Because § 406(b)(1) reasonably can be read either narrowly or broadly, we find it appropriate to employ other tools of statutory interpretation in deciding the question before us.
2. Legislative History and Purpose
“If [a statutory] ambiguity is found, a court may seek guidance from Congress's intent, a task aided by reviewing the legislative history. A court can also resolve ambiguities by looking at the purpose behind the statute.” Quarrell, 310 F.3d at 669 (quotation omitted).
The legislative history of § 406(b) is brief.3 It tends to indicate that Congress had two concerns in enacting § 406(b)(1): first, that attorneys' shares of ultimate recoveries were becoming excessive, and second, that attorneys be able to collect their reasonable fees. Smith, 815 F.2d at 1155; Dawson v. Finch, 425 F.2d 1192, 1194-95 (5th Cir.1970); see also Pappas v. Bowen, 863 F.2d 227, 230-31 (2d Cir.1988) (characterizing the second reason as to “encourage legal representation of Social Security claimants”).
Neither of these purposes directly addresses the question before us. It is apparent, though, that Congress desired to encourage attorneys to represent Social Security claimants. This concern tends to indicate that the broader reading of § 406(b)(1) is the more appropriate reading. See Bergen v. Comm'r of Soc. Sec., 444 F.3d 1281, 1282 (11th Cir.2006); see also Hopkins, 390 U.S. at 535, 88 S.Ct. 1146 (concluding that legislative history did not preclude broad reading of § 406(b)(1) that increased amount of benefits to be considered in awarding fees); Smith, 815 F.2d at 1155 (concluding that legislative history supported broad reading of § 406(b)(1) that allowed attorneys to delay fee petition until after agency action).
C. Agency Policy
On appeal, the Commissioner notes that when § 406(b) was enacted, the agency took the position that fee awards were not available in court cases that resulted in remands for further proceedings.

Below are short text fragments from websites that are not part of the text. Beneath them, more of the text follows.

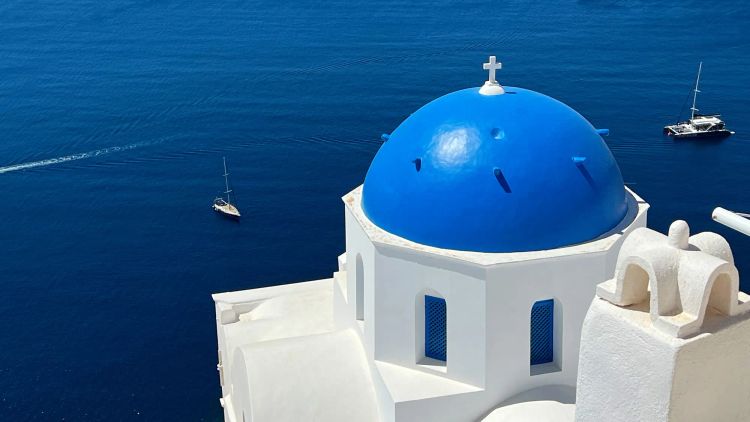 White washed building with a domed blue rooftop
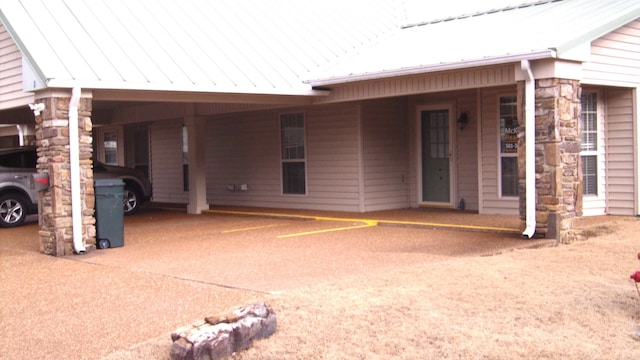 view of front of house featuring a carport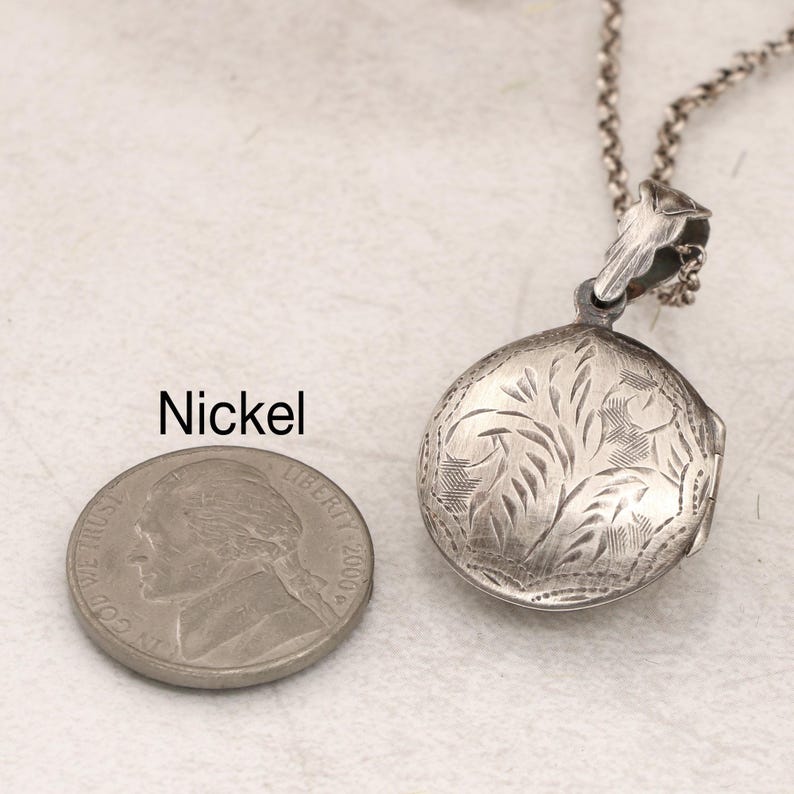 May include: A silver locket necklace with a floral design. The locket is about the size of a US nickel.
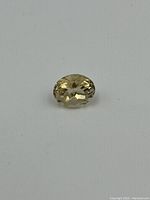 Pale yellow oval faceted citrine gemstone displayed on a white background.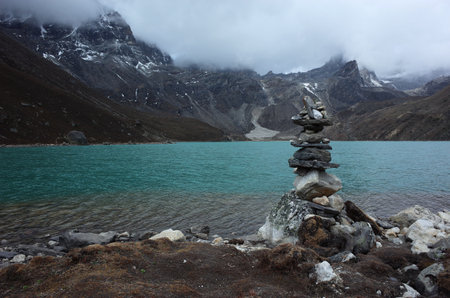Hiking in Nepal Himalayas, Stone pyramid next to Gokyo lake (4870 m) in beginning of summer. High altitude glacier lake in mountains in cloudy weatherの写真素材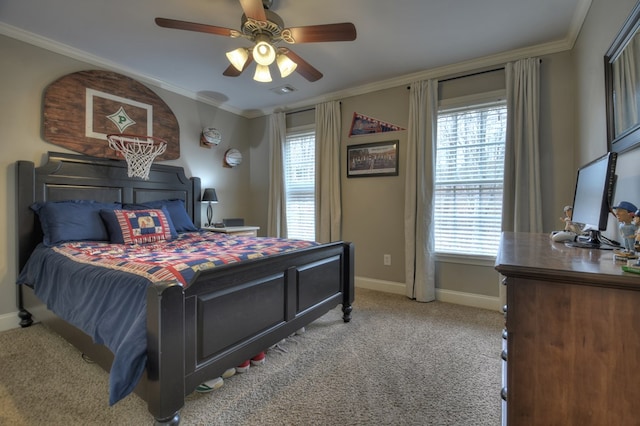 carpeted bedroom with ceiling fan, ornamental molding, and multiple windows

Finding that circuit courts were not particularly amenable to that viewpoint, see Conner, 381 F.2d at 499-500, the agency eventually abandoned that position. According to the Commissioner, “the Agency currently does not oppose an award of reasonable attorney's fees under § 406(b) where, as here, the court remands a case, and the Commissioner awards past-due benefits. For more than twenty years, the Agency has not opposed § 406(b) fees under these circumstances.” Aplee. Br. at 12 (footnote omitted).
The first question is what deference is due to the agency's position. “Normally, when the agency decision at issue involves interpretations of federal statutes, we owe deference to that decision as set forth in Chevron, U.S.A., Inc. v. Natural Resources Def. Council, Inc., 467 U.S. 837, 842-43, 104 S.Ct. 2778, 81 L.Ed.2d 694 ․ (1984).” N.M. Cattle Growers Ass'n, 248 F.3d at 1281. But where “the statutory interpretation ․ has never undergone the formal rulemaking process, it remains an informal interpretation not entitled to deference.” Id. The Supreme Court has held that “[i]nterpretations such as those in opinion letters-like interpretations contained in policy statements, agency manuals, and enforcement guidelines, all of which lack the force of law-do not warrant Chevron-style deference.” Christensen v. Harris County, 529 U.S. 576, 587, 120 S.Ct. 1655, 146 L.Ed.2d 621 (2000). Instead, such informal interpretations “are entitled to respect under our decision in Skidmore v. Swift & Co., 323 U.S. 134, 140, 65 S.Ct. 161, 89 L.Ed. 124 ․ (1944), but only to the extent that those interpretations have the power to persuade.” Id. (quotations omitted). “Chevron did nothing to eliminate Skidmore's holding that an agency's interpretation may merit some deference whatever its form, given the specialized experience and broader investigations and information available to the agency and given the value of uniformity in its administrative and judicial understandings of what a national law requires.” United States v. Mead Corp., 533 U.S. 218, 234, 121 S.Ct. 2164, 150 L.Ed.2d 292 (2001) (quotation and citation omitted).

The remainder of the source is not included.